A new body, the Company Names Tribunal, is about to take up its function of adjudicating on opportunistic company name registrations

On 1 October 2008, the Company Names Adjudicator Rules 2008

(SI 2008/1738) will come into force, giving effect to ss 69-74 of the Companies Act 2006. Proceedings will be administered by the Company Names Tribunal and cases will be decided by company names adjudicators (who are also trade mark inter partes hearing officers), based at the United Kingdom Intellectual Property Office, in Newport (formerly the Patent Office).

A specific remit

Company names adjudicators will deal only with disputes about opportunistic company name registrations; that is, solely with applications (complaints) made under s 69(1)(a) and (b) of the 2006 Act. This section provides for complaints by businesses or persons who have a goodwill or reputation associated with a name, where that name (or a similar name likely to suggest a connection with the complainant) has been opportunistically registered as a company name by someone else with a view to obtaining money from the complainant, or to prevent the complainant from registering the name.

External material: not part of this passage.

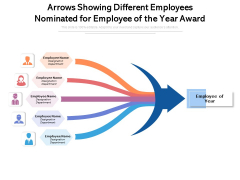 Arrows Showing Different Employees Nominated For Employee Of The Year Award Ppt PowerPoint Presentation File Layouts PDF Arrows Showing Different Employees Nominated For Employee Of The Year Award Ppt PowerPoint Presentation File Layouts PDF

Company names adjudicators cannot deal with cases where someone feels that another company name registration is too similar to, or “too like”, their own company name but there is no suspected opportunism behind the registration. This sort of dispute or complaint is dealt with by Companies House.

Alternatively, if the company name is used as a trading name it may be actionable under the law of passing off. However, an application which is made to the company names adjudicator because the applicant is aggrieved that someone has a company name which is too similar, will not succeed simply on the basis that the holder is trading under the name and causing confusion. 


Section 69(4) of the Act lists the following defences:

(a) that the name was registered before the start of the activities on which the applicant relies to show it has goodwill/reputation;

(b) that the company is operating under the name or is planning to do so and has incurred substantial startup costs, or was operating under the name but is now dormant;

(c) that the name was registered in the ordinary course of a company formation business and the company name is available for sale to the applicant on the standard terms of that business (an “off the shelf company”);

(d) that the name was adopted in good faith;

(e) that the interests of the applicant are not adversely affected to any significant extent.

It is very important to note that an application to the Company Names Tribunal will only succeed if the registration holder cannot show any of the above; or, even if the registration holder can show that it satisfies the criteria listed in (a), (b) and/or (c), that the applicant can prove that the registration holder’s main purpose in registering the company name was to obtain money (or some other consideration) from the applicant or to prevent the applicant from registering the name.


An application to the Company Names Tribunal must fall within the bounds of s 69. Applications outside its remit will not be refunded. Applicants do not have to have a registered company name, but must demonstrate goodwill/reputation in the name at the time that it was adopted by the registration holder as the company name.

If the application is successful, the adjudicator will order the respondents to change the company name registration to something which does not offend. If the registration holder does not do this, the company name adjudicator has power to order the registrar of companies to change the name to a name of the adjudicator’s choosing.

Further information is available on the Company Names Tribunal website www.ipo.gov.uk/cna .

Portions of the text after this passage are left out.